In denying Apache's motion to dismiss W&T's fraud claim on the basis that the claim was prescribed, this court noted that W&T alleged that "it could not have reasonably known that it had a fraud claim until 2011, when [W&T] uncovered internal Apache communications suggesting knowledge that the representations to [W&T] were false and that Apache was intentionally misleading [W&T] and concealing the truth." (Docket Entry No. 45 at 27). But W&T admits in its response to Apache's summary-judgment motion that it obtained these communications "during discovery in this lawsuit"—which is after it filed this suit alleging fraud. (Id. at 49). W&T cannot claim that these communications were necessary to sue for fraud. See, e.g., Terrebonne Parish Sch. Bd. v. Mobil Oil Corp., 310 F.3d 870, 885 (5th Cir. 2002) (stating that contra non valentem applies "when the plaintiff is effectively prevented f[rom] enforcing his rights for reasons external to his own will"). W&T has not identified information it acquired only after the prescriptive period expired and before it filed this lawsuit that was necessary for it to allege fraud.

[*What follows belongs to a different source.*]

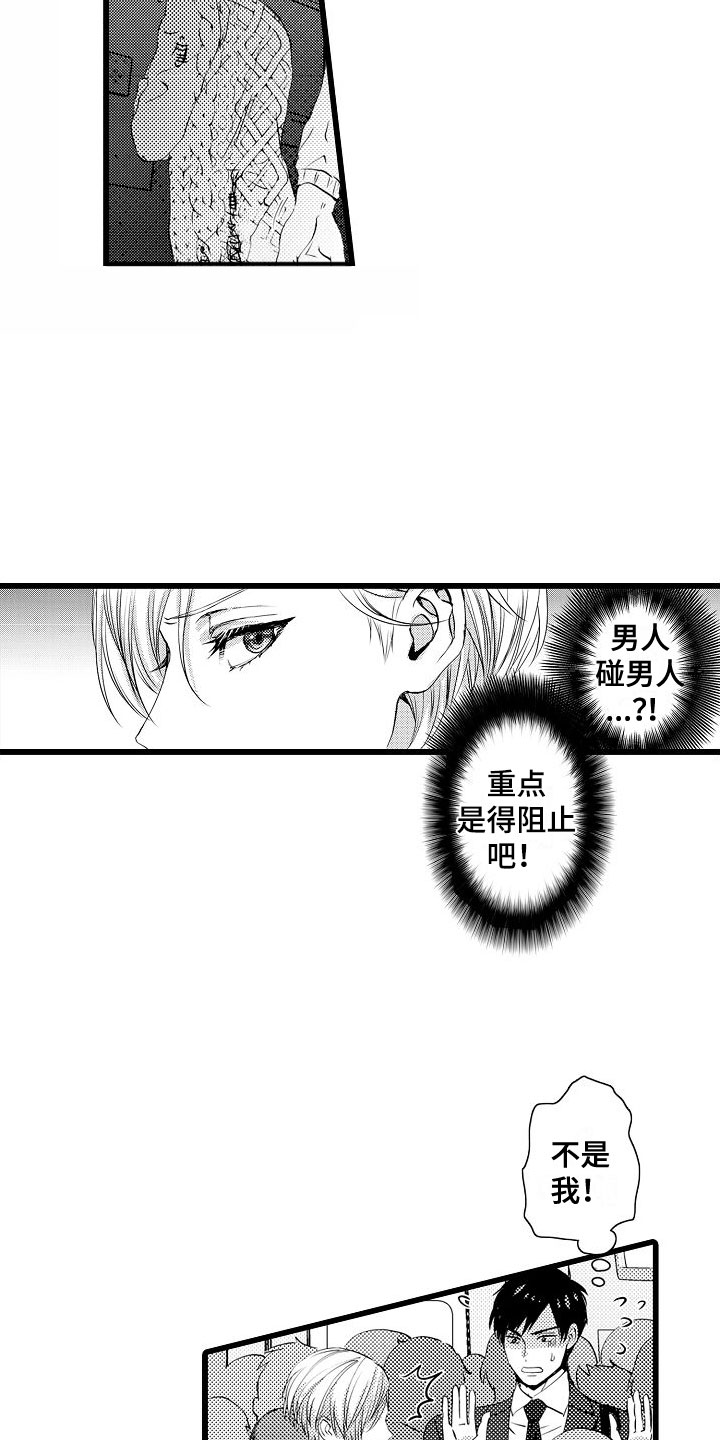 第1章：电车色狼14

Based on the summary-judgment evidence, W&T's fraud claim is prescribed as a matter of law. Summary judgment dismissing W&T's fraud claim is granted. V. W&T's Damages Claims
A. Damages for Apache's Alleged Misallocations
W&T has presented three alternative damage calculations through the report of its expert, Jeffrey Compton. (Docket Entry No. 70, Ex. 2). Opinion A concludes that W&T is entitled to recover $9,777,192.99, the amount W&T demanded in its audit exceptions. (Id., Ex. 2 at ¶ 24). The basis for this conclusion is that the exceptions are deemed established because Apache did not "substantively respond" to them. (Id., Ex. 2 at ¶¶ 22-23). Opinion B concludes that W&T is entitled to recover $8,658,055.61, based on the amount of oil W&T asserts it should have been allocated, with no reduction for BS&W content. (Id., Ex. 2 at ¶ 66). Opinion C concludes that W&T is entitled to $4,776,240.33. (Id., Ex. 2 at ¶ 71). Like Opinion B, this reflects what W&T contends is the proper allocation, but is adjusted for BS&W content W&T measured at its own platform, ST-229.

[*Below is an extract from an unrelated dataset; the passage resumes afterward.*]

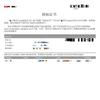 Huawei Лицензия на межсетевой экран USG6311E с защитой от угроз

W&T moved for summary judgment that it is entitled to damages using one of these alternative measures, plus interest. (Docket Entry No. 68 at 38-40, 44). Apache has cross-moved for summary judgment that none of the damage calculations is proper. (Docket Entry No. 70 at 6-18). The court has concluded that W&T is not entitled to summary judgment on its liability claims. To the extent W&T's motion for summary judgment on damages asks this court to hold that W&T is entitled to recover such damages, the motion is denied. To the extent the motion, and Apache's cross-motion, ask this court to rule on whether damages measures W&T has submitted are valid, this court rules that none of the damages models Compton presented is sufficiently reliable to be admissible. W&T's motion for summary judgment on the proper measure of misallocation damages is denied; Apache's cross-motion is granted.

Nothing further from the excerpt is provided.